Presuming that, at present, reservations in Rajasthan are at 49%, if a separate reservation limit of 5% is introduced for the Gujjar community, as reported, the extent of reservations in Rajasthan will go up to 54%; and if another 14% reservation is provided to the economically backward classes, as reported, the total reservation will become approximately 68%. Thus, in either case, the extent of reservations will go beyond 50% which is the maximum permissible under the Constitution as interpreted by the Supreme Court.
Reservations cannot exceed 50%
Let me first point out that Article 15(4) and Article 16(4) of the Constitution are the basic provisions that deal with reservations and are reproduced below:
“15(4). Nothing in this article or in clause (2) of Article 29 shall prevent the State from making any special provision for the advancement of any socially and educationally backward classes of citizens or for the Scheduled Castes and the Scheduled Tribes.”
“16(4). Nothing in this article shall prevent the State from making any provision for the reservation of appointments or posts in favour of any backward class of citizens which, in the opinion of the State, is not adequately represented in the services under the State.”
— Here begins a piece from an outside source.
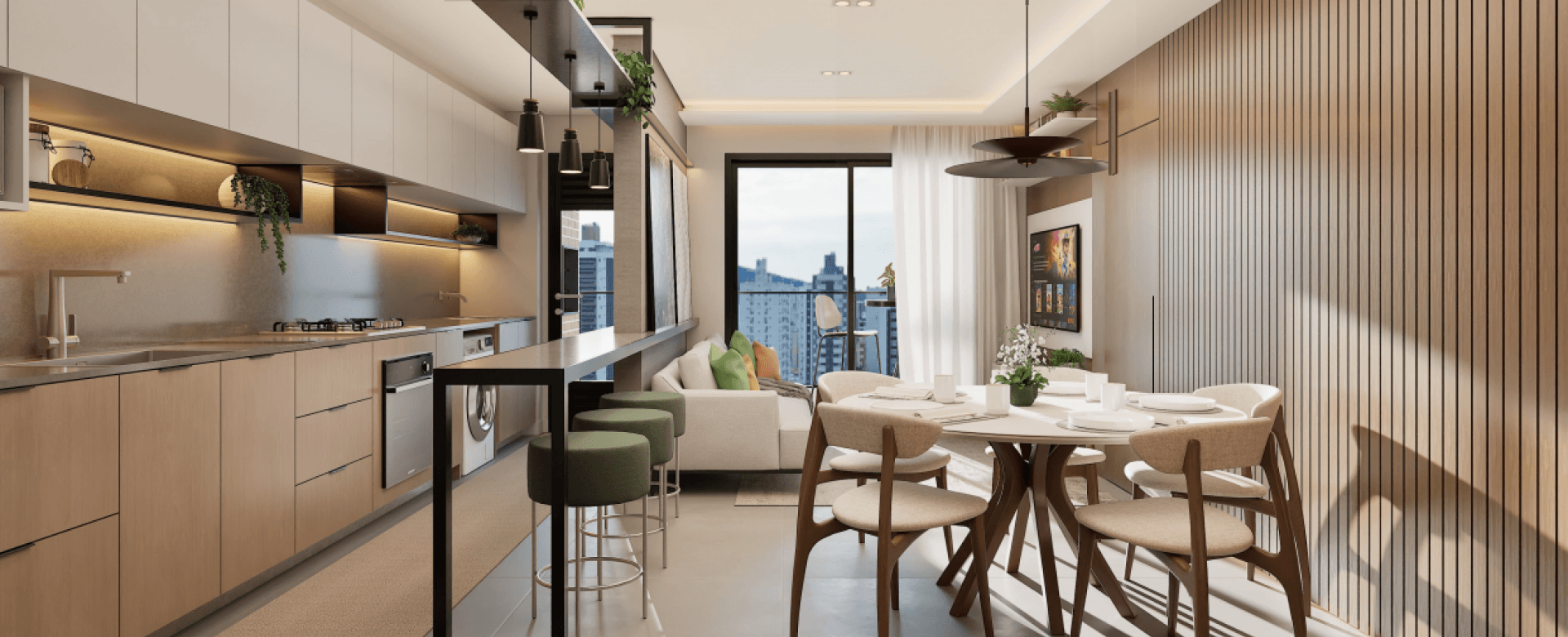 Imagem destaque do Brianza Residencial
Let me now refer to some judgments of the Supreme Court which mandate that reservations cannot generally exceed 50%.
In the case of M.R. Balaji v. State of Mysore, AIR 1963 SC 649 : 1963 Supp (1) SCR 439, a 5-judge Constitution bench of the Supreme Court held as under:
“31. …if a provision which is in the nature of an exception completely excludes the rest of the society, that clearly is outside the scope of Art. 15(4). It would be extremely unreasonable to assume that in enacting Art. 15(4) the Constitution intended to provide that where the advancement of the Backward Classes or the Scheduled Castes and Tribes was concerned, the fundamental rights of the citizens constituting the rest of the society were to be completely and absolutely ignored.”
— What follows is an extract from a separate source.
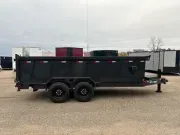 new Dump Trailers Hillcrest Trailers  for sale, in Clearwater, MN Thumbnail 1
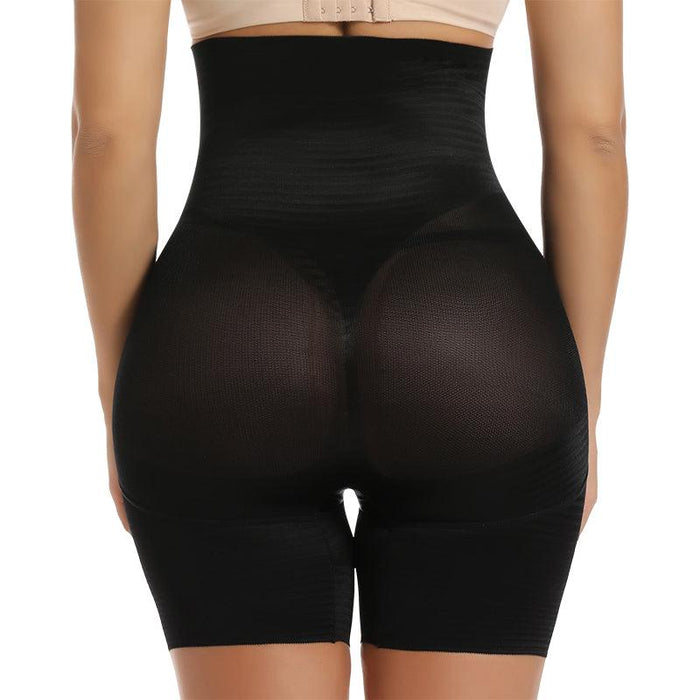 Stretchable Elastic Band Shapewear | Firm Control & All-Day Comfort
“34. …If admission to professional and technical colleges is unduly liberalised it would be idle to contend that the quality of our graduates will not suffer. That is not to say that reservation should not be adopted; reservation should and must be adopted to advance the prospects of the weaker sections of society, but in providing for special measures in that behalf care should be taken not to exclude admission to higher educational centres to deserving and qualified candidates of other communities. A special provision contemplated by Art. 15(4) like reservation of posts and appointments contemplated by Art. 16(4) must be within reasonable limits. The interests of weaker sections of society which are a first charge on the States and the Centre have to be adjusted with the interests of the community as a whole. The adjustment of these competing claims is undoubtedly a difficult matter, but if under the guise of making a special provision, a State reserves practically all the seats available in all the colleges, that clearly would be subverting the object of Art. 15(4) . In this matter again, we are reluctant to say definitely what would be a proper provision to make. Speaking generally and in a broad way, a special provision should be less than 50 per cent; how much less than 50 per cent would depend upon the relevant prevailing circumstances in each case. … In our opinion, when the State makes a special provision for the advancement of the weaker sections of society specified in Article 15(4) it has to approach its task objectively and in a rational manner. Undoubtedly, it has to take reasonable and even generous steps to help the advancement of weaker elements; the extent of the problem must be weighed the requirements of the community at large must be borne in mind and a formula must be evolved which would strike a reasonable balance between the several relevant considerations. Therefore, we are satisfied that the reservation of 68% directed by the impugned order is plainly inconsistent with Art. 15(4).”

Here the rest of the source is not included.